COMPSCI 260: Introduction to Computational Genomics

Overview

A computational perspective on the exploration and analysis of genomic and genome-scale information. Provides an integrated introduction to genome biology, algorithm design and analysis, and probabilistic and statistical modeling. Topics include genome sequencing, genome sequence assembly, local and global sequence alignment, sequence database search, gene and motif finding, phylogenetic tree building, and basic gene expression analysis. Methods include dynamic programming, indexing, hidden Markov models, and elementary supervised and unsupervised machine learning. Development of practical experience with handling, analyzing, and visualizing genomic data using the computer language Python.

The course will require students to program often in Python. Students coming in to the course must already know how to program in some computer language, but it need not be Python. If it is not Python, students will be expected to come quickly up to speed in Python on their own. Additionally, students should be comfortable with mathematical thinking and formulas, and should have had some exposure to basic probability as well as molecular or cellular biology; however, the course has no formal course prerequisites, and quick refreshers of relevant background will be provided. Please speak to the instructor if you are unsure about your background. This course is a valid elective in both biology and computer science.

Staff

Professor Alex Hartemink

Webpage: http://www.cs.duke.edu/~amink
Email: amink at cs.duke.edu
Office Location: LSRC D239
Office Phone: (919) 660-6514

Vincentius Martin, TA Email: vincentius.martin at duke.edu
Sneha Mitra, TA Email: sneha.mitra at duke.edu
Trung Tran, TA Email: trung.tran at duke.edu
Katherine Molinet, UTA Email: katherine.molinet at duke.edu
Mihir Paithane, UTA Email: mihir.paithane at duke.edu
Dylan Powers, UTA Email: dylan.powers at duke.edu
Aditya Sridhar, UTA Email: aditya.sridhar at duke.edu
Vivek Sriram, UTA Email: vivek.sriram at duke.edu
Anngelyque Stevenson, UTA Email: anngelyque.stevenson at duke.edu
Darryl Yan, UTA Email: darryl.yan at duke.edu
Annie Yin, UTA Email: wen.yin at duke.edu

Office hours

Office hours with TAs and UTAs will be held in 154 Biological Sciences.

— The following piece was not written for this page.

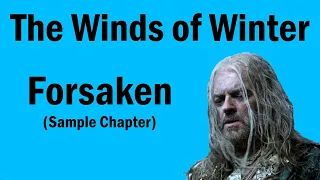 The Winds of Winter | Euron Sample Chapter (Aeron Damphair)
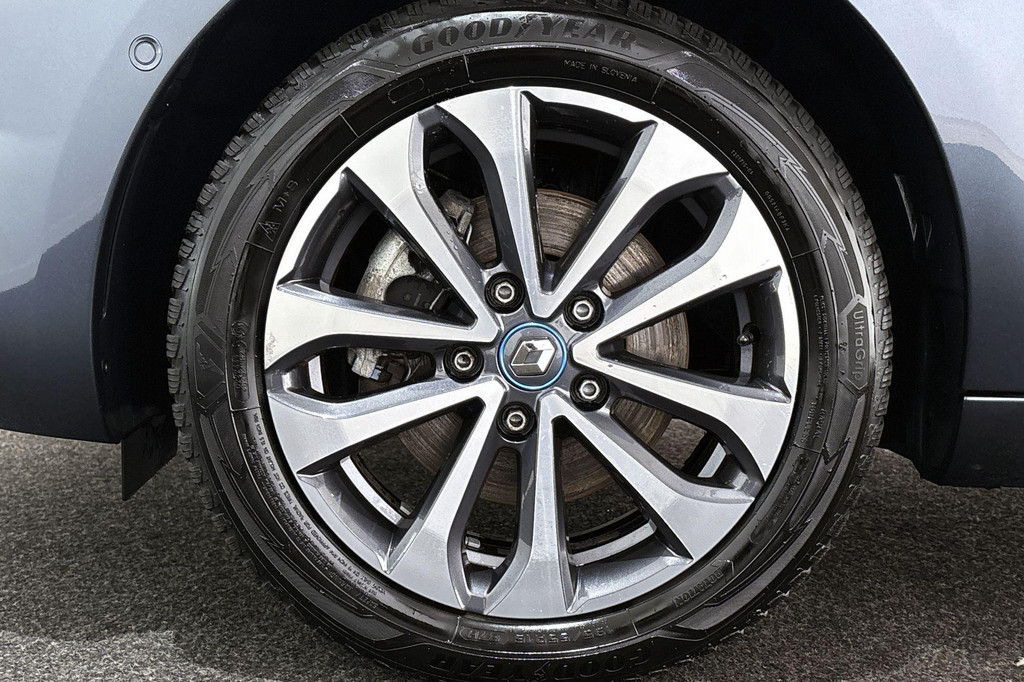 Renault ZOE (K096ZF) met abonnement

If these office hours do not work for you, please post questions via Piazza, or send any of us an email to schedule an alternate time. In particular, if you would like to speak with the instructor about anything, he is available immediately after every lecture, or you are welcome to send him an email to schedule a meeting at another time that is more convenient for you.

Logistics

The class meets on Tuesdays and Thursdays 10:05–11:20AM in 111 Biological Sciences.